Your objective:
Examine the entries below, count the lines holding the string "Dress", and respond with the number only.

Records from a collection
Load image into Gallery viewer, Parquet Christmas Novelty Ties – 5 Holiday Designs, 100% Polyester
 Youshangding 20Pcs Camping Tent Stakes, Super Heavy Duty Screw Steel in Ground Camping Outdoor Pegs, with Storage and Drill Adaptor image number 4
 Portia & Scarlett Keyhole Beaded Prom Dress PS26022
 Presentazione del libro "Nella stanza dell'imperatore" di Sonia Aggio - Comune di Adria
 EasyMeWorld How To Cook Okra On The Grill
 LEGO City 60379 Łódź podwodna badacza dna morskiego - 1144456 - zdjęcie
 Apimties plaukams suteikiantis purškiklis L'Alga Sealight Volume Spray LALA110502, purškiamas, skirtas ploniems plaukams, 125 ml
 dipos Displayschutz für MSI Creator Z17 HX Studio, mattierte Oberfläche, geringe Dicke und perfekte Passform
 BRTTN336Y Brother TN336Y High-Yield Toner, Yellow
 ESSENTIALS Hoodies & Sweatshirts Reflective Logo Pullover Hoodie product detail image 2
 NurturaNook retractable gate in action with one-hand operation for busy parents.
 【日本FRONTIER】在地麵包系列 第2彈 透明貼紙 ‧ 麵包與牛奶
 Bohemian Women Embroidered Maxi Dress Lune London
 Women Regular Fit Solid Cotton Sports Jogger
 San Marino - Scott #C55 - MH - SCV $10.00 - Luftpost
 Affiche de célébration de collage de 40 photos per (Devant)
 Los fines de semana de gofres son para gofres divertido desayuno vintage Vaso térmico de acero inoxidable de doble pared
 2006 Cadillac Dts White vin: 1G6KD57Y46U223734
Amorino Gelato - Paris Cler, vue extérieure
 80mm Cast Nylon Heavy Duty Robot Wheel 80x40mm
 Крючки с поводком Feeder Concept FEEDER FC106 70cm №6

The completed task:
2